CODA: per entrare, ovviamente. Dopo il rito dei tappi dalle bottigliette (che poi non si capisce mai perché), con sommo sbigottimento gli avventori scoprono cosa è il TORNELLO. “C’è uguale nella metropolitana a Londra, l’ho visto in viaggio di nozze” sento sussurrare. Probabilmente l’avventore è stato in viaggio di nozze in un carcere della Guinea Francese. Altro grandioso commento ascoltato in coda, nel punto dove mi approccio inizialmente al fantastico pubblico del Liga, è uno fatto da una parrucchiera nel quale si chiedeva delucidazioni sul cognome di un artista “Bob qualcosa…” che una sua cliente andava a vedere fino negli Stati Uniti. Si scopre dopo una discussione fra un gruppetto di persone che il signore faceva di cognome Dylan. Lo sapesse Luciano Ligabue che non conosci Dylan, cara parrucchiera, ci rimarrebbe male.

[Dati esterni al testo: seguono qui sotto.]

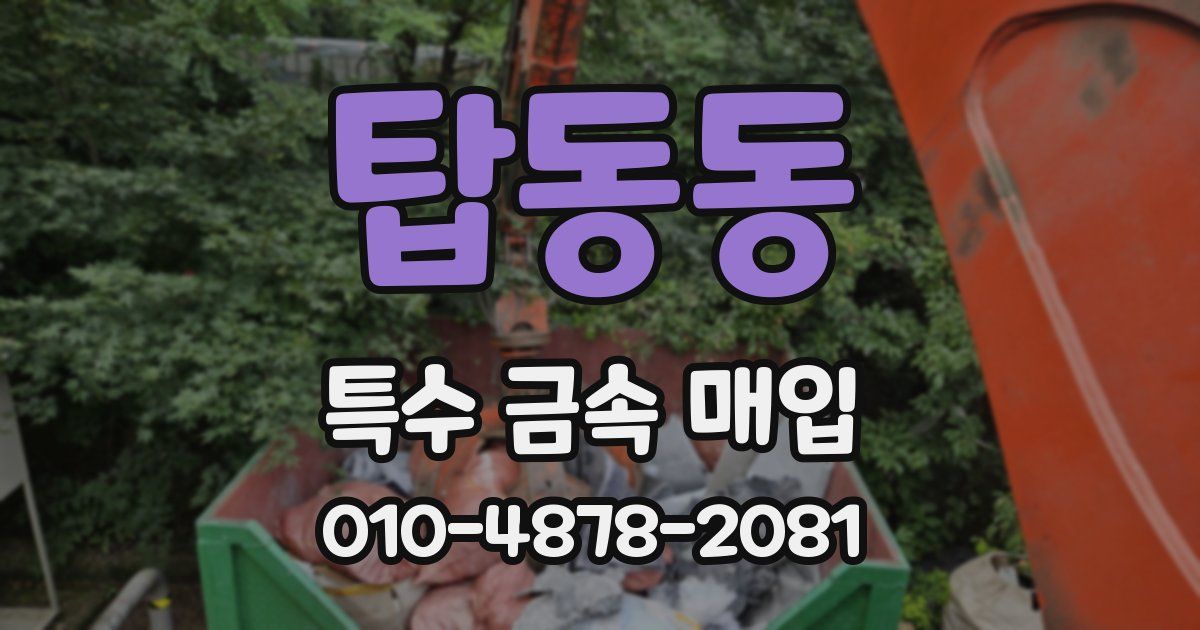 탑동동 특수 금속 매입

INGRESSO: Subito si fa lo screening del pubblico. Maggioranza femminile 25-45 , classici gruppi “con le mi amiche, siamo sempre andate insieme”, non molte coppie. C’è da dire che il sottoscritto ha scelto il “prato”, cosa che la maggioranza dei spettatori non ha fatto perché fra signorine nane che poi non vedono, paure di bagnarsi, culi che pesano e mariti scoglionati, alla fine il Franchi risulta pieno solo sugli spalti.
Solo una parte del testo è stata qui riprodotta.